**What you will do**
Only what runs from the line with "Kishoree Morpich Banarasi Silk Saree" to the end of the data should appear in the answer, exactly as written and without pictures.
=====
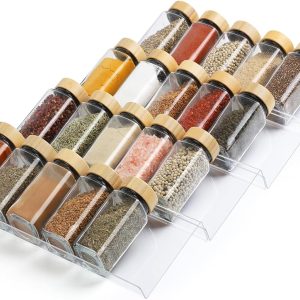 Four-Layer Acrylic Spice Drawer Organizer, Expandable from 9 to 18 Inches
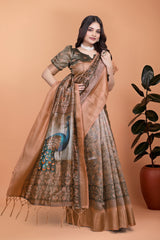 Kishoree Morpich Banarasi Silk Saree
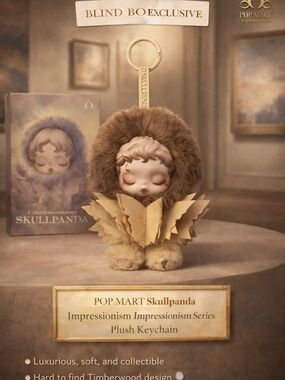 POP MART Skullpanda Timberwood Plush Keychain  Impressionism Series 🎨🤎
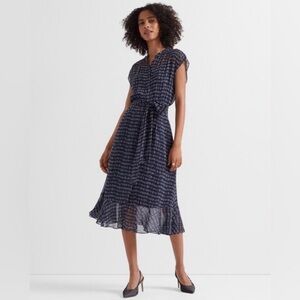NWOT Club Monaco Size 12 Silk Printed Midi Dress Navy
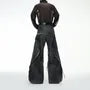 Mid Rise Washed Fray Panel Wide Leg Cargo Jeans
=====
**Exercise response**
 Kishoree Morpich Banarasi Silk Saree
 POP MART Skullpanda Timberwood Plush Keychain  Impressionism Series 🎨🤎
NWOT Club Monaco Size 12 Silk Printed Midi Dress Navy
 Mid Rise Washed Fray Panel Wide Leg Cargo Jeans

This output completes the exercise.